Electric cars such as those made in Fremont, Calif., by billionaire Elon Musk’s Tesla Motors Inc. are at the forefront of Brown’s initiatives.
“California is the No. 1 buyer of Tesla and every other electric car,” Brown said in a Sept. 5 interview with Bloomberg News. Incentives the state gives residents to encourage them to buy zero-emission vehicles “are cranked into the whole panoply of incentives that we give for climate-change policies.”
The number of hybrid cars in California has grown 110 percent to 709,766 in 2013 from 337,881 in 2009, according to the state’s Department of Motor Vehicles. There were 60,988 electric autos registered in the state as of Aug. 31, the DMV said.
Plug-in hybrids
California offers as much as $5,000 in rebates for the purchase or lease of new zero-emission and plug-in hybrid light-duty vehicles. The state has doled out more than $158 million in rebates since 2010.
In part because of such sweeteners, the state already accounts for 40 percent of plug-in electric vehicles in the U.S., according to the California Plug-In Electric Vehicle Collaborative.
Sensitivity to environmental issues doesn’t conflict with economic growth, Brown said in a video released last week in advance of his visit to New York.
“Despite taking the leading role in combating climate change in the United States, if not in the world, our economy is not only recovering, it is expanding at a greater rate than the rest of the country,” Brown said.
Legal trendsetter
For decades, California has been a trendsetter in laws aimed at lowering greenhouse gases tied to climate change.
The state was one of the first to require lower tailpipe emissions from vehicles and now has the most expansive mandate for energy-intensive businesses, such as oil refineries, to cut discharges of carbon dioxide and other gases linked to global warming to 1990 levels by 2020.
During Brown’s first tenure as governor in the 1970s and 1980s, he helped rewrite electricity regulations so power companies were rewarded for how much energy they save rather than how much they produce. He pushed for solar power, argued for laws to combat smog, curbed tax breaks for oil companies and battled off-shore drilling.
Former California Gov. Arnold Schwarzenegger, a Republican, in 2006 signed into law the nation’s most comprehensive greenhouse gas emissions law. It set up cap-and-trade rules that let businesses buy pollution credits from companies that reduce emissions.
“If the rest of the country had our policies in California, it would be equivalent to retiring two-thirds of America’s coal-fired power plants or taking 188 million cars off the road,” Schwarzenegger told participants at a conference on climate change in Sacramento on Sept. 8.
Climate negotiations
California in 2002 became the first to require carmakers to produce vehicles that emit less carbon dioxide beginning with 2009 models. The federal government followed with similar standards in 2012.

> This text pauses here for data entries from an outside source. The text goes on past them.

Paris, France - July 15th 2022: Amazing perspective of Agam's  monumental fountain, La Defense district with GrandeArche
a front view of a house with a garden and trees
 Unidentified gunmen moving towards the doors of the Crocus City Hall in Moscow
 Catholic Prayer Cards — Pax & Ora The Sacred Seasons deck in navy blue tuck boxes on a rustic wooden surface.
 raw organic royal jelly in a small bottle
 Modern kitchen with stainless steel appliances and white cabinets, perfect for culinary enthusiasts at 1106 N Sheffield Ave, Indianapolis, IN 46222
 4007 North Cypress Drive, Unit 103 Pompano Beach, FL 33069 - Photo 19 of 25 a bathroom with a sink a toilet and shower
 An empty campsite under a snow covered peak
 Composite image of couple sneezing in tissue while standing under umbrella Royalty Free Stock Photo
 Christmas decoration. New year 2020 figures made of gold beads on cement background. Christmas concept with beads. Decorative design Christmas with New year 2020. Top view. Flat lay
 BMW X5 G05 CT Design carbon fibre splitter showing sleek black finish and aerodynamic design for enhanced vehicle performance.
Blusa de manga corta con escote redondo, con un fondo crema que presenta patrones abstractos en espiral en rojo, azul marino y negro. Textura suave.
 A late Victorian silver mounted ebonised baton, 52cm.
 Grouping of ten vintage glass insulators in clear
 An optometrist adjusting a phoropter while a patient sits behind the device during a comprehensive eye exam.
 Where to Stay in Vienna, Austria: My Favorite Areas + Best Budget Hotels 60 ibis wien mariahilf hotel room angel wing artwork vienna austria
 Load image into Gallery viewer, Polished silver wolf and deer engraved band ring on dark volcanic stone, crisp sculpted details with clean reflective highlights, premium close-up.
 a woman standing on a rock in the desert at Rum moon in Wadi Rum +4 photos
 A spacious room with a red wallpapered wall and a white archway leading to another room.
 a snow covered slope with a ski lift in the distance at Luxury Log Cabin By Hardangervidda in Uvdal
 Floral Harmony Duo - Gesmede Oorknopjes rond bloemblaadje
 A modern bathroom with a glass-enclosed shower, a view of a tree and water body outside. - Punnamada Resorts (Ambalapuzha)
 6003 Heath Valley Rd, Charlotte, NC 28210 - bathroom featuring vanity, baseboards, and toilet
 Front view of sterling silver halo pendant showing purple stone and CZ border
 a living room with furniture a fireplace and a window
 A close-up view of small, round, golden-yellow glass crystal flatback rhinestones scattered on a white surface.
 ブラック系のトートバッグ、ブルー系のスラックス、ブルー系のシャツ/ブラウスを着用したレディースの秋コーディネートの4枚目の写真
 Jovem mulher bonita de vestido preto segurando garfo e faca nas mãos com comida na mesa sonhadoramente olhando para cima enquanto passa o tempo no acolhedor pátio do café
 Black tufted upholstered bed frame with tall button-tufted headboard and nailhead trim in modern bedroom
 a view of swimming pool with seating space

Zero-emission vehicles include battery-electric vehicles, plug-in hybrid-electric vehicles, and hydrogen fuel-cell-electric vehicles, technologies that can be used in passenger cars, trucks and transit buses.
The aim of the UN summit, Secretary General Ban Ki-moon said, is to gather momentum for climate negotiations that are set to conclude at a meeting in Paris next December. The goal is to curb the release of carbon dioxide and other warming gases so that average global temperatures don’t rise more than 2 degrees Celsius.
In a report Monday, scientists said carbon dioxide emissions from burning fossil fuel are set to rise 2.5 percent this year to a record 40 billion tons.
The Brown administration’s recent efforts at boosting the infrastructure for supporting hydrogen-fueled vehicles has encouraged companies including Japan’s Toyota Motor Corp. to develop them, said John Hanson, a spokesman for the world’s biggest automaker.
“This is yet another clear example of their dedication toward establishing California as the leader in advanced clean-air technology,” he said in a telephone interview.